Text Search Administration

DataCaster provides a Lucene-based implementation of Text Search that can be enabled for any table in the database. Apache Lucene is a widely used Apache search library ( see http://lucene.apache.org). DataCaster also supports adding other search implementations, by implementing an internal search interface and configuring the implementation in the search.xml file in the conf/db configuration directory.

The Lucene-based implementation of search provided in dataCore supports adding search capability to one or more columns of a table in the database. Once search is enabled, any insert, update and delete will result in the search columns being indexed for later text search queries.

Applications can then use the API or SQL to search the table. Many of the search features provided by Lucene and it's search query parser can be used to search specific fields.

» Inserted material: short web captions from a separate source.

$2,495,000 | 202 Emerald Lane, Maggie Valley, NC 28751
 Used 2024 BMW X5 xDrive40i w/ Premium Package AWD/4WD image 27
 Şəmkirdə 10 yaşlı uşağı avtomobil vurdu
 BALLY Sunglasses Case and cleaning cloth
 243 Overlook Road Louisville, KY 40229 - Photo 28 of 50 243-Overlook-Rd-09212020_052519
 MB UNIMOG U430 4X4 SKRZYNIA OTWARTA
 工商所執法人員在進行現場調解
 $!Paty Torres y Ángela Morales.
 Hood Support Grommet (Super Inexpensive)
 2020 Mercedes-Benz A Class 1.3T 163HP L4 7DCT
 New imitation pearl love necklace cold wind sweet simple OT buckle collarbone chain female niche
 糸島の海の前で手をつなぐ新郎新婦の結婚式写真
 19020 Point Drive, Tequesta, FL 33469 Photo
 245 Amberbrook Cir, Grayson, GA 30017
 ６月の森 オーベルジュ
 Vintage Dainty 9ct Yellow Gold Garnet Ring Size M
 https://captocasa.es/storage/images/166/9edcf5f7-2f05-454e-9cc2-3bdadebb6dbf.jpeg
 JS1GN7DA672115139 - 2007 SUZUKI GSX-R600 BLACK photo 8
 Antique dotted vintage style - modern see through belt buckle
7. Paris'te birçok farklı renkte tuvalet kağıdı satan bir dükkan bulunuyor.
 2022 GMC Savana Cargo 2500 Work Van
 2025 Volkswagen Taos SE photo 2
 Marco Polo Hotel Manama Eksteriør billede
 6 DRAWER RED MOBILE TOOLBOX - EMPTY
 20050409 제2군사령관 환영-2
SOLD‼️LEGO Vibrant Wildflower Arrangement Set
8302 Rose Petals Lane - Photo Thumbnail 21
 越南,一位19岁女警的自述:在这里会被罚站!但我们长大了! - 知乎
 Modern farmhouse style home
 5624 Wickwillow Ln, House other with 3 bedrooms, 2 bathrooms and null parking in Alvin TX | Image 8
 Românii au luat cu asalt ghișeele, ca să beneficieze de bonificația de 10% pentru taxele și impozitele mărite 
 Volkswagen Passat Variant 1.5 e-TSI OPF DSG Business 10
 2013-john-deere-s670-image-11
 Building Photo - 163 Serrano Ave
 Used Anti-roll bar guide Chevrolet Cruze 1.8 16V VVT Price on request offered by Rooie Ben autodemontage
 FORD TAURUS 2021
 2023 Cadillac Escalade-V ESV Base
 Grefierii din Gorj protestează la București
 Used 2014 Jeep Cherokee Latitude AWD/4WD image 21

Implementation Notes for Lucene Integration

The following is some information and tips for Lucene search in DataCaster.

Lock File

Lucene creates a lock file in the Tomcat/temp directory. This file may not get deleted properly upon database shutdown if server is killed abruptly (should now be deleted if shutdown properly). Need to ensure this is deleted before restarting the server, else search indexing will fail. There is likely to be one lock per index stance, i..e table with search enabled.

Performance Issues

With the initial parameters we used, the insert performance takes a big hit with Lucene, and seems to deteriorate pretty quickly. Still looking at ways to improve performance, primarily through parameters and invoking optimization at the right times.

One of our big issues at the start was using optimize too frequently. Using a value of 100,000 for the optimize_count seems to work much better. We now see 220 inserts/sec on the Article table (versus 450/sec without text search).

One issue is optimize takes 30 secs with just 200K articles, so that one unlucky insert will be quite slow in sync mode.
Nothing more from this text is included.